Households: moderate consumption growth – significant increase in dwelling investments
Household consumption rose by 0.4 per cent in 2nd quarter after rising 0.6 per cent in the previous two quarters. Consumer spending was unchanged from the 1st to 2nd quarter, while spending on services increased. Household consumption abroad was at the same level in the 2nd quarter as in the previous quarter.
Household investment in dwellings has risen steadily since late 2014 and increased by 2.3 per cent in the 2nd quarter of 2016.
Consumption in general government has grown steadily by 0.6 per cent over the last three quarters, with the strongest growth in central government. Fixed capital formation in general government grew slightly in the 2nd quarter after a decline in the previous two quarters.
Investment level unchanged
Total gross fixed capital formation grew by 0.1 per cent in the 2nd quarter this year after falling more or less consistently over a long period. Preliminary figures show a continued decline in petroleum investments, particularly in exploration and production drilling, while investments in platforms increased. In Mainland Norway, investments rose – primarily in the service industries. Investments in manufacturing were reduced by 1.2 per cent, following a stronger decline in the 1st quarter.
Weak development in exports
Exports of traditional goods decreased in volume by 0.4 per cent in the 2nd quarter, following a marked decline in the previous quarter. As in the previous quarter, exports of refined oil products contributed to the decline, which is probably not particularly driven by the business cycle. A decrease for machinery and other products can also be connected with the fall in petroleum-related demand overseas. The largest volume increase is found in food products and basic chemicals, chemical and mineral products. This may be due to improvements in cost competitiveness. Exports of oil and gas fell 1.8 per cent in the 2nd quarter. Preliminary estimates for exports of services, however, show a growth of 2.1 per cent in the 2nd quarter after a clear decline in the previous quarter.
Imports of traditional goods fell by 2.4 per cent after a decline in the previous quarter.
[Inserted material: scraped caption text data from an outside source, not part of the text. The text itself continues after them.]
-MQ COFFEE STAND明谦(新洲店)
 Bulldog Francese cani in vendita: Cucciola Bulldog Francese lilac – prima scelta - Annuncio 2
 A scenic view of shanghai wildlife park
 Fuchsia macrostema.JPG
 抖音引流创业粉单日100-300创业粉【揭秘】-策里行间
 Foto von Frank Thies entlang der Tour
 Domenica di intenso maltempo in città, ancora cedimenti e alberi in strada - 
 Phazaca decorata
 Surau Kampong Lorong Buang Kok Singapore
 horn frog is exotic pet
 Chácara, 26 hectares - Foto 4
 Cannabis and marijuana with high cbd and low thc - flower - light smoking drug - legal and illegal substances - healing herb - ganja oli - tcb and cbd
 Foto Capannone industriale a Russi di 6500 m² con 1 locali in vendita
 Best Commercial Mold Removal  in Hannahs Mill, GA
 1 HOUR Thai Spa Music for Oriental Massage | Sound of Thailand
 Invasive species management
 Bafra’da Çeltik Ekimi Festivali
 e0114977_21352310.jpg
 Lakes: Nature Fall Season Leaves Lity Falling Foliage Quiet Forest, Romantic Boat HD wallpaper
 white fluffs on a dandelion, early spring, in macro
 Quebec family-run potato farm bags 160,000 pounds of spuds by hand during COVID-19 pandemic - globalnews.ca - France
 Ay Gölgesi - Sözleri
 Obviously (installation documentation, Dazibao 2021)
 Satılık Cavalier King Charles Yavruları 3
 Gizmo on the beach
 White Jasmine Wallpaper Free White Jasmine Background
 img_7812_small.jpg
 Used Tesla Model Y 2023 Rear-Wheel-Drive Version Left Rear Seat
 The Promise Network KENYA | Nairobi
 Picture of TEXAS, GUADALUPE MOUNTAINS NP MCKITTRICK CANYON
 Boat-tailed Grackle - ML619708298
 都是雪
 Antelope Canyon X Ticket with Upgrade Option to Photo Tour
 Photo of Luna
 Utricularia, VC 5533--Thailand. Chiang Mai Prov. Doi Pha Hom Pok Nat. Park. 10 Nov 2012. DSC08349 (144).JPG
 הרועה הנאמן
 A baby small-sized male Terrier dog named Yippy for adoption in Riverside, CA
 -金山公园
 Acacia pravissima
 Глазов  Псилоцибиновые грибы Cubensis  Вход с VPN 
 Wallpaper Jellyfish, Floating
Preliminary figures for imports of services show a decline of 2.0 per cent from the 1st to 2nd quarter of 2016.
Preliminary calculations show that employment fell by 0.1 per cent in the 2nd quarter of 2016. This is equivalent to approximately 3 100 persons. There was a similar fall in employment in the three preceding quarters. In the 2nd quarter, the number of hours worked decreased by 0.5 per cent.
Figures revised for all quarters for 2014
In conjunction with the release of figures for the 2nd quarter of 2016, the base year is updated with new information from the final national accounts for 2014. In addition, new information is incorporated for all quarters from the 1st quarter of 2015. The new figures for 2015 show a growth in GDP mainland Norway at 1.1 per cent annually, which is 0.1 percentage point higher than the previous estimate. For a discussion of revisions in other sizes, see Annual national accounts. Only small changes are seen in the seasonally-adjusted growth in GDP Mainland Norway as a result of the new information. Growth in the 1st quarter of 2016 is unchanged from the previous publication.
An overview of the revisions in macroeconomic variables is listed in Appendix Table no. 48.
For an overview of developments in the gross domestic product for some of our trading partners, see the statistics from the OECD.
For more information about definitions of the main concepts, variables and classifications in national accounts, see About the statistics, definitions.
The sum of four quarters in the Quarterly National Accounts (QNA) makes up the preliminary annual figures until the Annual National Accounts (ANA) for year t are published in November in year t+2 and incorporated as a new base year in the QNA.
Note that in the time series in volume, the figures from the base year and onwards are fixed price figures, while data prior to the base year are chained volume figures. This implies that additivity in volume is lost prior to the base year.